一方、新たな発見や洞察が調査データに基づいて帰納的もしくはアブダクティブに生み出されるというのが多くの質的調査の醍醐味であって、それは再現可能でない。繰り返すが、質的調査は調査主体の主観的なプロセスが混在しているのと、調査対象がその時の時間や状況、文脈に埋め込まれた一度きりの出来事などであるので、何度やっても同じ結果が出るという前提が間違っている。であるから、質的調査の方法の記述で大切なのは、発見や理論の「信憑性」である。実際にどのようなプロセスでそのような発見や理論が生まれたのかを読者が追体験できれば、その発見や理論の信憑性を判断できる。例えば、そんな少ないインタビューの数でこのような理論が導き出されるのか信用できないとか、逆に、これだけ大量の証拠を集めてこのように分析がなされているから、出てきた結果を信用できる、というように、分析方法の透明性が確保されていて初めて信憑性が判断できるわけである。
Kim et al. (2019)の分析の記述においては、まず、エスノグラフィーの過程で、時間概念に気づき、こちらに焦点を当てるように調査自体を軌道修正して行ったことや、後でさ読者から指摘されて追加の分析を行ったことまで、何をどうやったのかをある意味正直に説明しているので信用できるということになる。この分析の記述のパートで、分析しているうちに東アフリカの紅茶生産業者とフェアトレード側とで時間の感覚が違うことがクリアになり、そこから本研究のハイライトである「長~い現在」といった考え方が導き出されたことを記載している。エスノグラフィーによるデータ収集と、データを分析するプロセスは線形ではなく行ったり来たりの繰り返しプロセスであることに言及した上で、それでも大きく分けると分析は5つほどのステージから成り立っていると報告している。
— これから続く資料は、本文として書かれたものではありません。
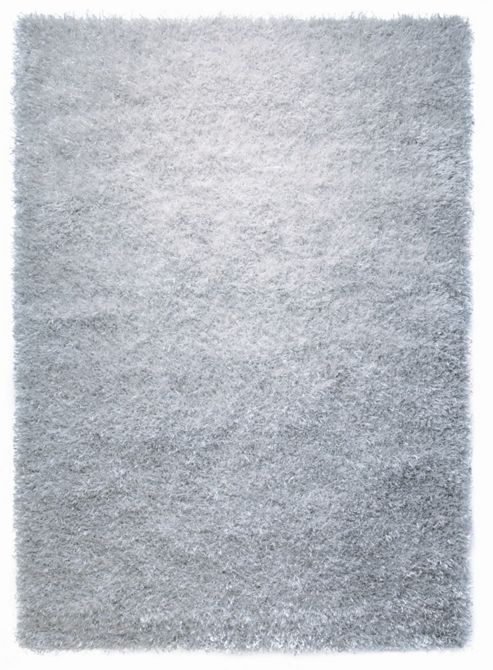 Image of Esprit Cool Glamour White Shag Rug - 170cm X 240cm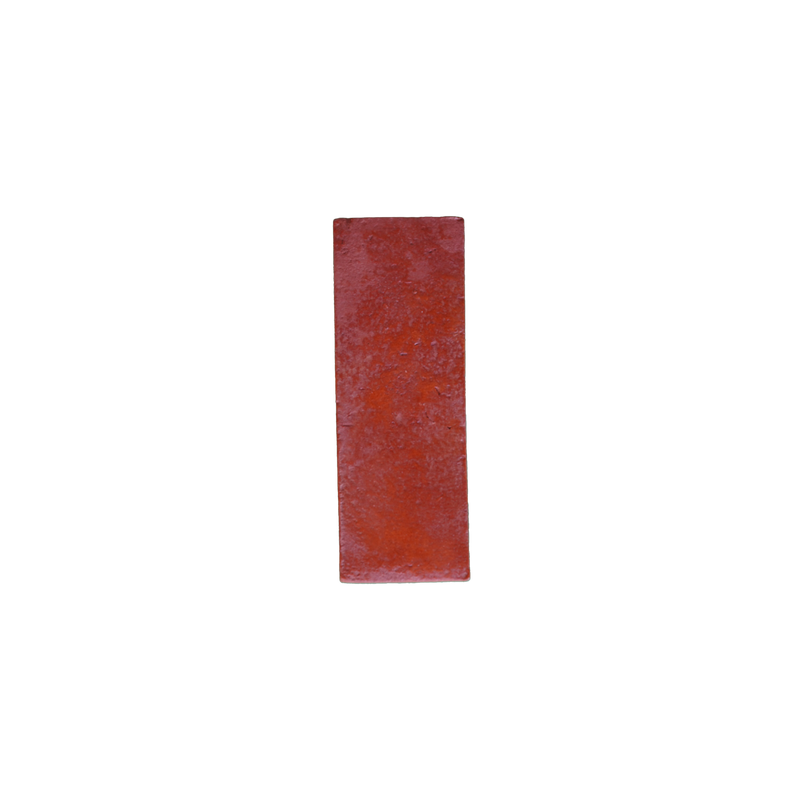 Hervido Heritage subway tile in Adobe finish — properly sealed Saltillo develops a warm, protective patina over time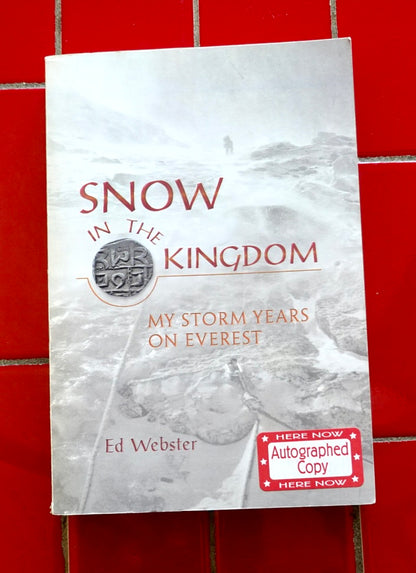Snow in the Kingdom ARC by Ed Webster (SIGNED)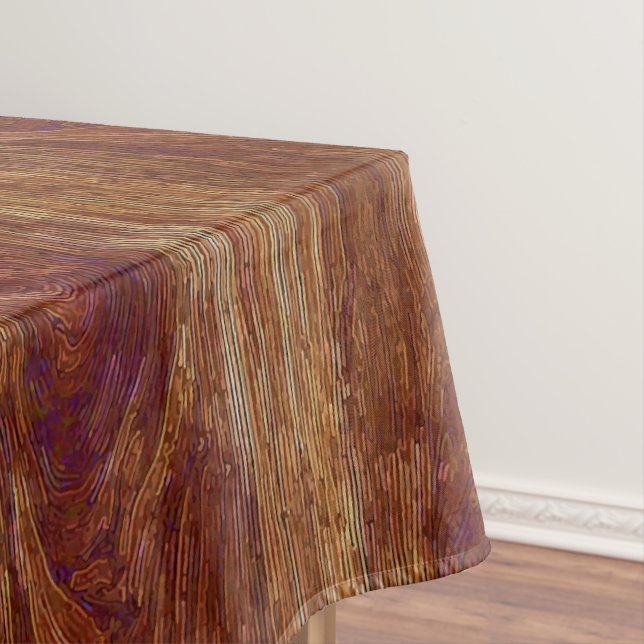 Satin Wood Grain Tablecloth (In Situ)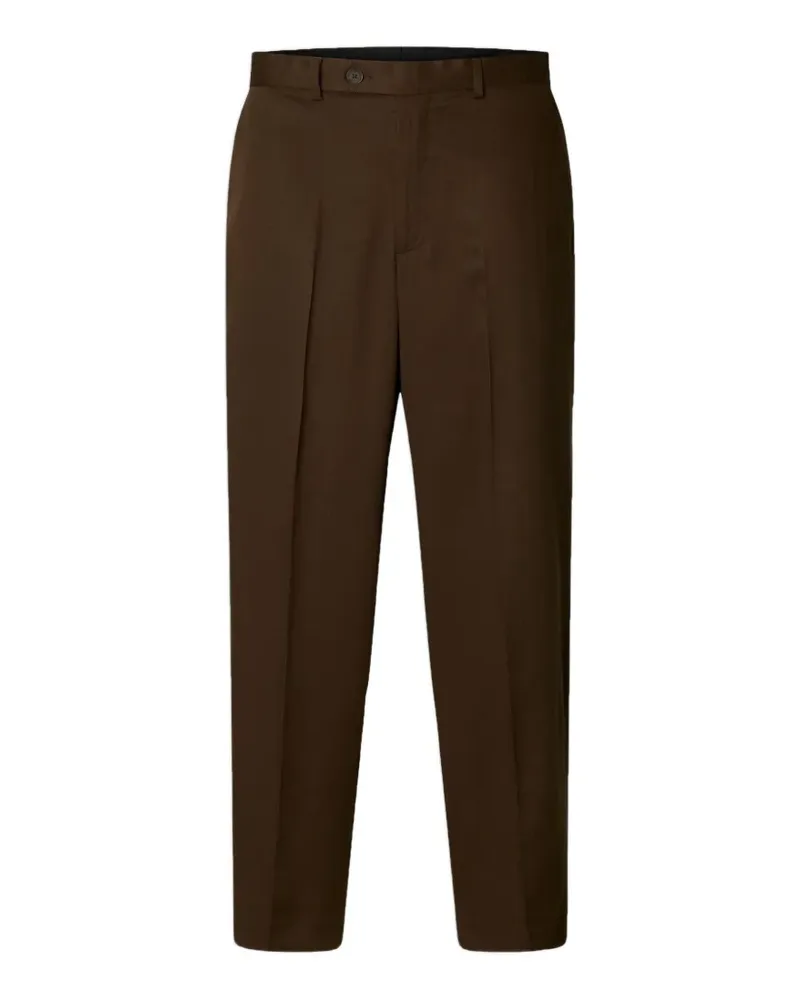Selected relaxed tailored trousers - Braun Braun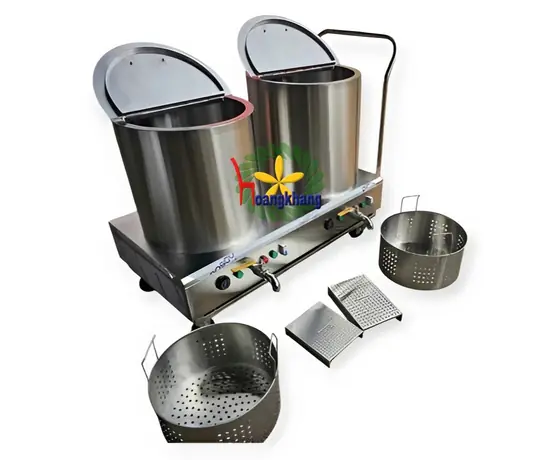 Nồi Đôi Nấu Điện 80 Lít Và 60 Lít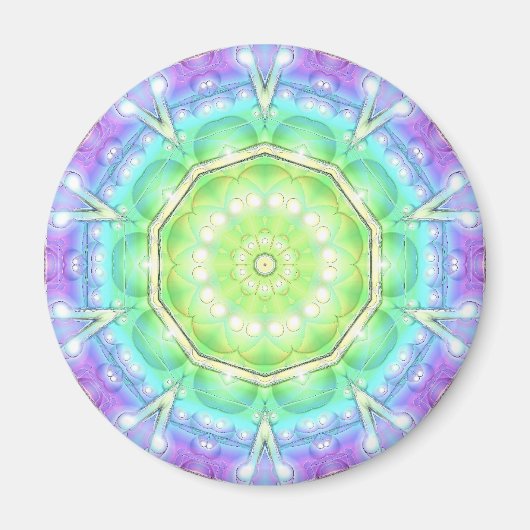 Psychedelischer Kreis Magnet (Vorne)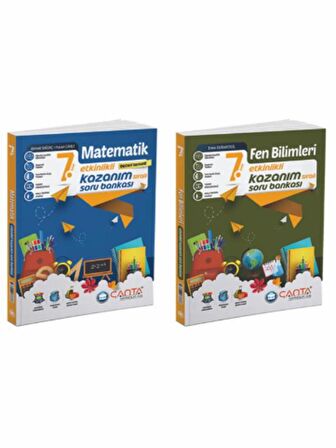 Çanta Yayınları 7. Sınıf Kazanım Matematik ve Fen Soru Bankası Seti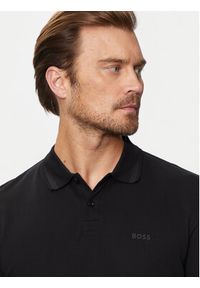 BOSS - Boss Polo Pio 1 50507583 Czarny Regular Fit. Typ kołnierza: polo. Kolor: czarny. Materiał: bawełna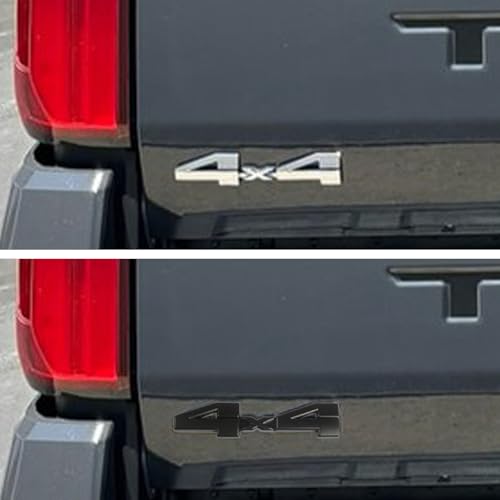 Image of Blackout Emblem Overlays 5Pcs Compatible with Tacoma 2024 2025 2026 ABS Plastic Badge Emblems Overlay 250702 with Strong Adhesive Matte Black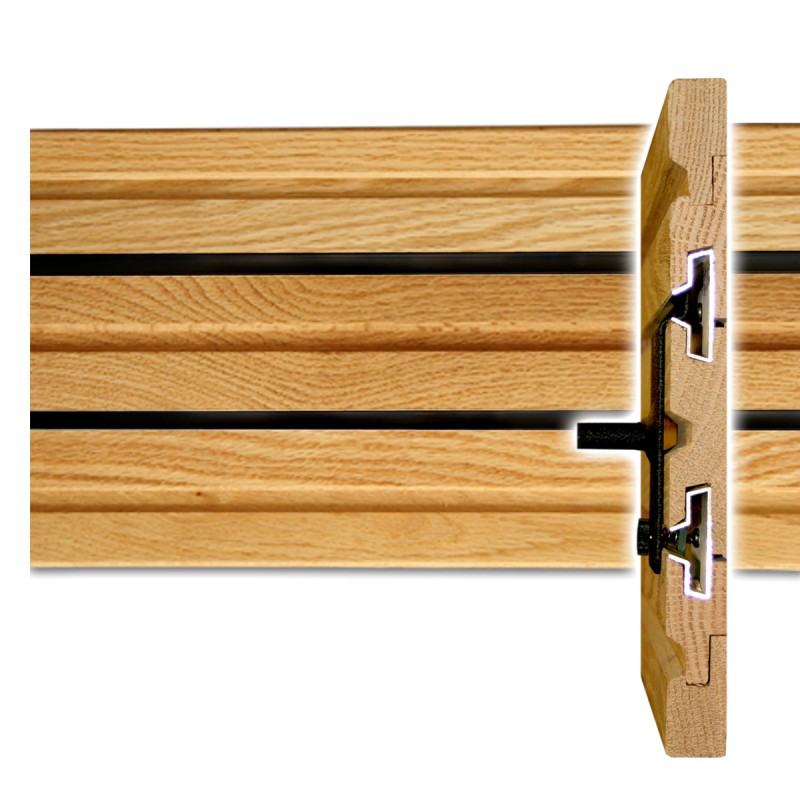 RAIL-O-B - Oak Hardwood Slatwall Rail
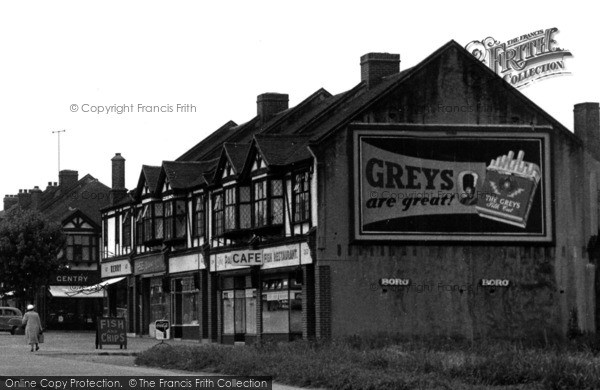 Photo of North Cheam, London Road, Billboard c.1955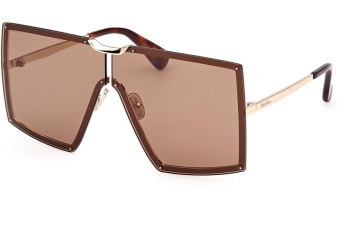 Okulary przeciwsłoneczne Max Mara MM0117 32E Pojedyncze | Shield Brązowe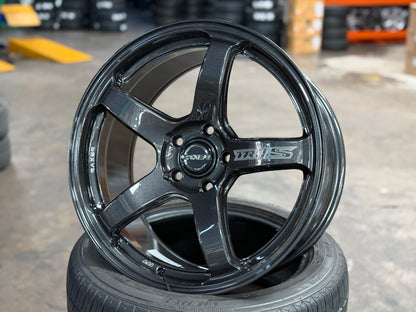 NEW 18X8.5 ET42 Raxer TR1S Rim (4 wheel) Dark Graphite 5X112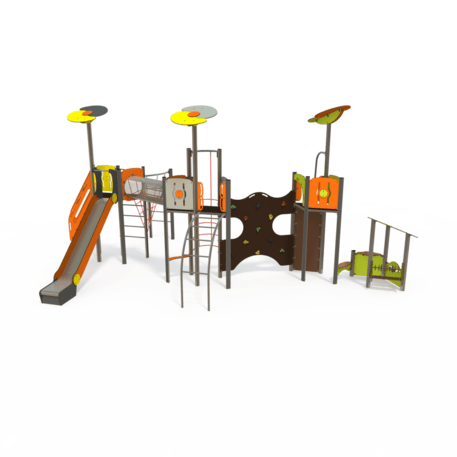 Žaidimų aikštelių kompleksas vaikams nuo 2 iki 12 metų amžiaus – kolekcija 'MEGA / MBG-2580_ME 18-3025-I99'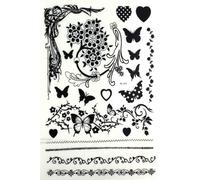 Décalcomanie Enfant Transfert À Sec Papillons 15x23 Cm 2 Feuilles - Megacrea Diy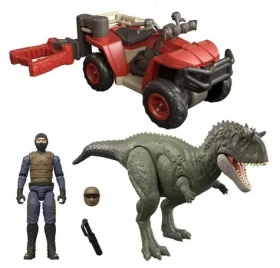 Mattel Figúrka Jurský svet JKG91 Dinosaurus a terénne vozidlo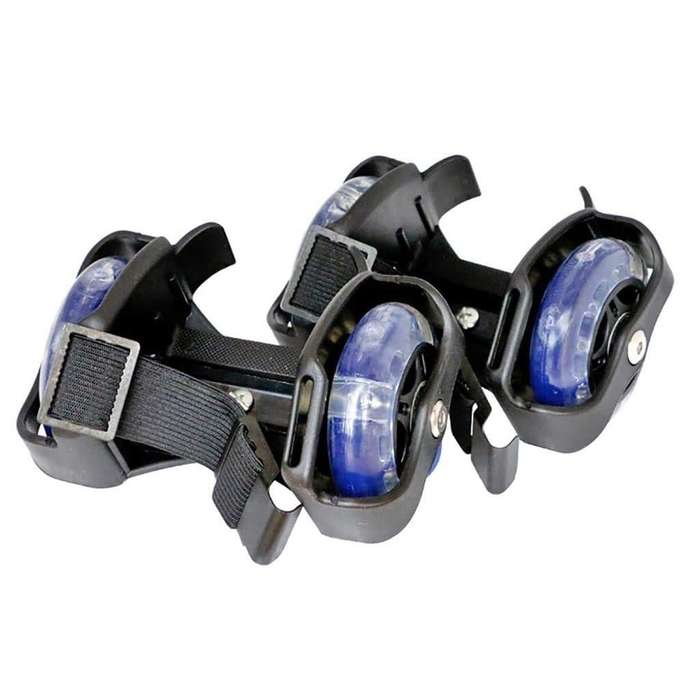 Clip-On Heel Roller Skates Black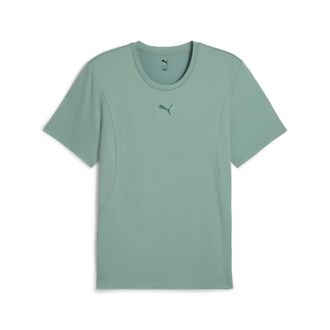 Puma Trainingsshirt PUMA M CLOUDSPUN SOFT TEE, Herren, Gr. L, gr&uuml;n (gr&uuml;n moon), Jersey, Obermaterial: 94% Polyester, 6% Elasthan, regular fit normal, Rundh
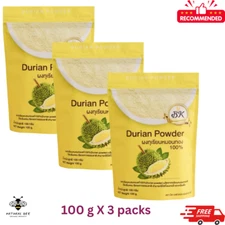 Durian Powder Monthong Natural No Sugar Sweet Creamy Bakery Dessert Ice cream x3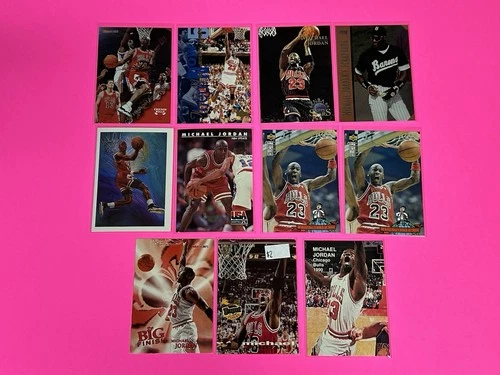 1990’s Michael Jordan Bulls 11 Card Lot - Hoops / UPPER DECK / Topps / Skybox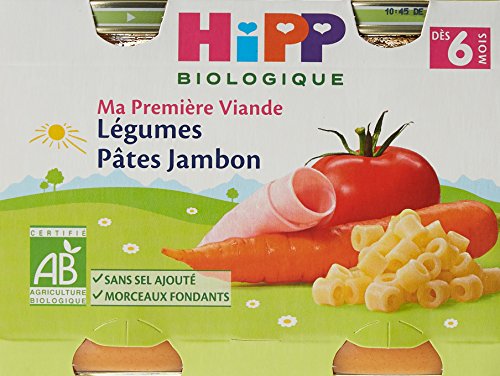 HiPP Menus du midi Ma Première Viande 190g lot de 12 dès 6 mois
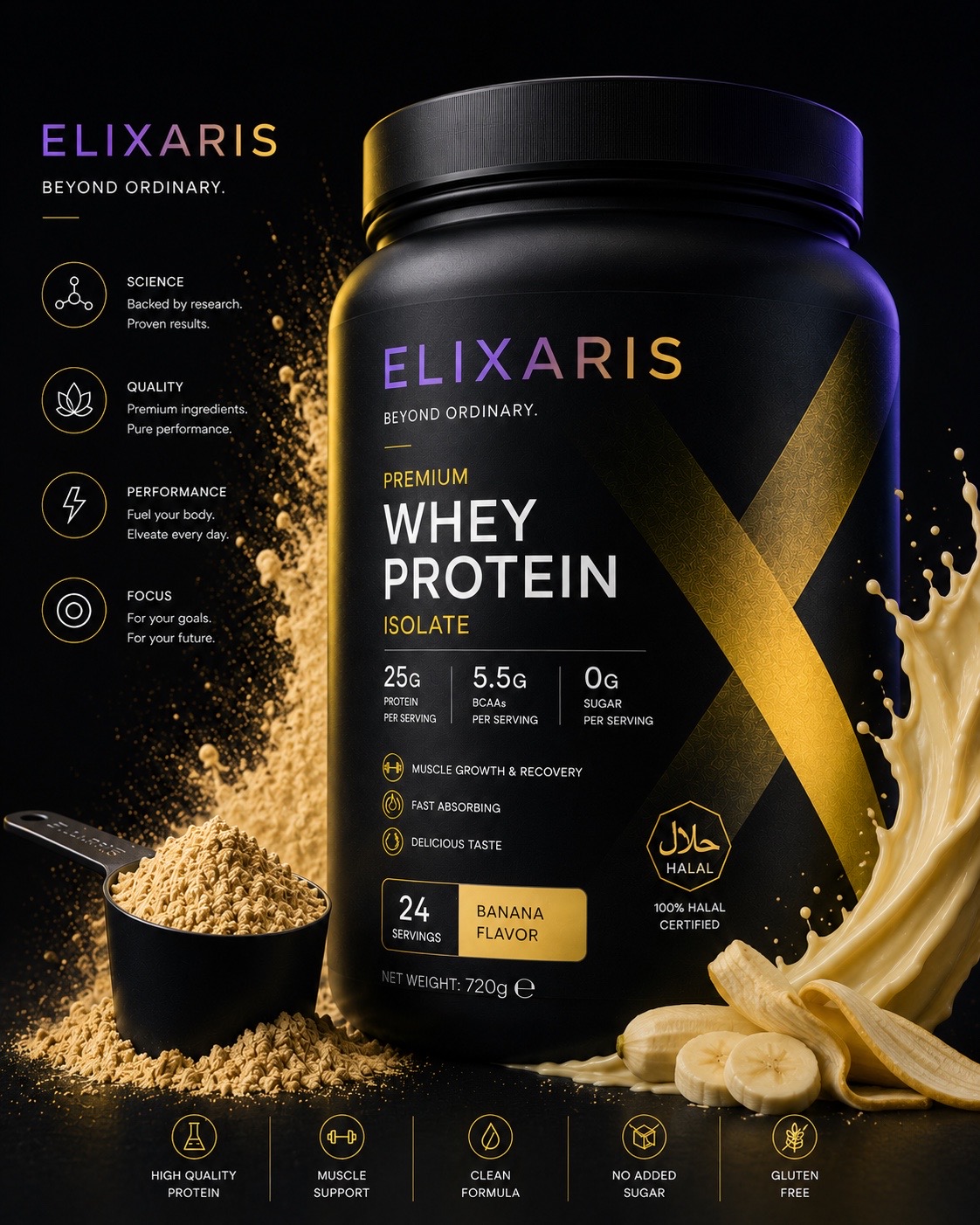Whey Isolate · Банан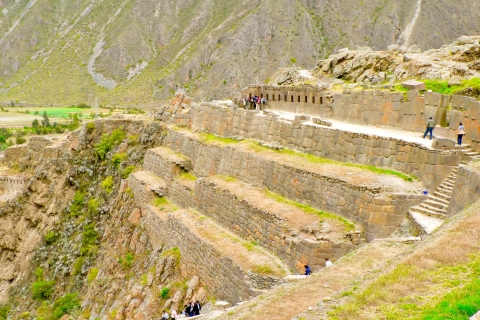 Depuis Cuzco : vallée sacrée avec Pisac et OllantaytamboVisite en groupe avec lieu de rendez-vous sur Plaza Regocijo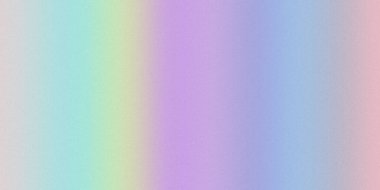 Açık mavi, yeşil, mor ve pembe arasında ince bir tahıl dokusuyla yumuşak bir pastel değişim..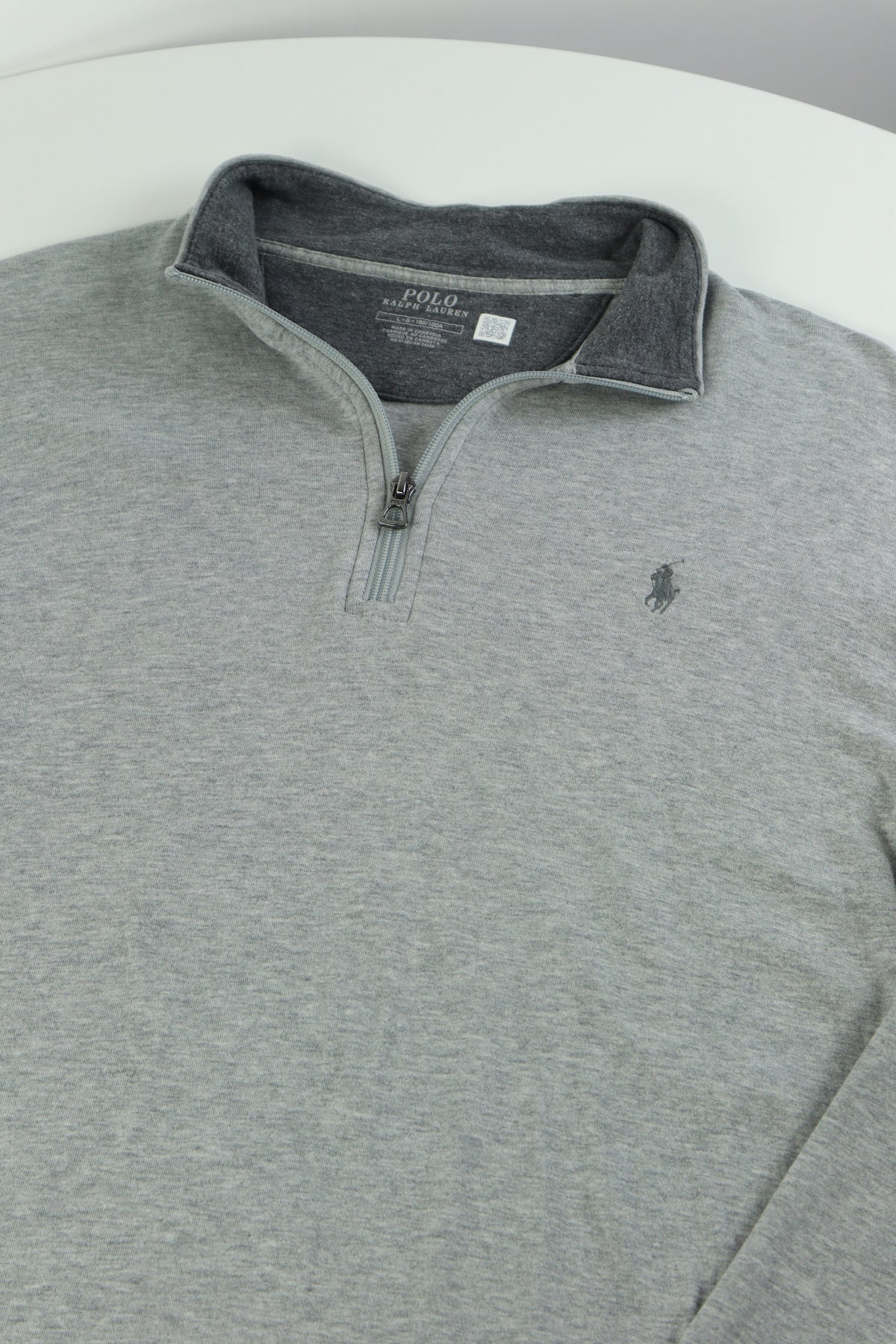 Ralph Lauren trui met kwart rits - L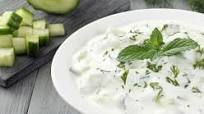 Carrot and cucumber raita Carrot and cucumber raita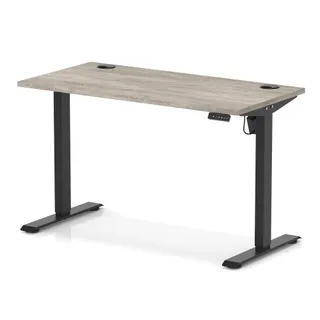 OE - Air Lite Height Adjustable Slimline Desk With Cable Ports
最初のステージでは、インタビューデータやフィールドノートを調査者と他の共著者とでコーディングし、紅茶生産に関するリズムや季節性の重要性に気づくようになり、かつ理論に思いを馳せたり文献を調べたりという繰り返しプロセスの中で、現在という時間の重要性に行き着いたとしている。第2ステージでは、リソースの流れをめぐって紅茶生産業者とフェアトレードとの相互作用に焦点を当てて分析を進めた。その中で、改めて紅茶生産業者の活動が、社会的あるいは生物物質的なリズムに埋め込まれていること、そしてフェアトレードからの介入が状況を悪化させていることに気づくようになったという。
第3ステージでは、インタビューデータやフィールドノート、描画などを再分析し、紅茶生産業者とフェアトレードの相互作用における時間概念の役割により焦点を当てるようになったという。第4、5ステージにおいて、査読者からの助言を参考にしながら、紅茶生産業者とフェアトレードの相互作用による焦点を当てて分析したとしている。これらの分析を通して、フェアトレードが紅茶生産業者に行った介入は功を奏したと言えるが、ただ、フェアトレードが当初想定していた形ではない、別の形で効果が挙げたこと、そしてそれが本研究のハイライトとなる発見に関連していることを述べている。
優れた質的調査のポイント
話のついでに、これまで説明した内容と被るところもあるが、優れた質的調査のポイントについても少し触れておこう。とりわけAMJのような経営学のトップジャーナルの傾向をみていると、その1つの条件として、圧倒的なデータ量というものがある。Kim et al. (2019)では、すでに説明した通り、「幅を持った長い現在というものがある」というたった一言に集約されるような発見を得るために、長期間にわたって膨大な量のデータを収集していることは論文を見れば一目瞭然である。圧倒的なデータ量と言っても、その目的は研究結果の信憑性を増すことなので、数量的な基準があるわけではない。多くの読者が論文を読んで、どれだけ説得力があるかどうか、収集されたデータや資料が新たに構築された理論や命題の根拠となっていることを信じられるかどうかである。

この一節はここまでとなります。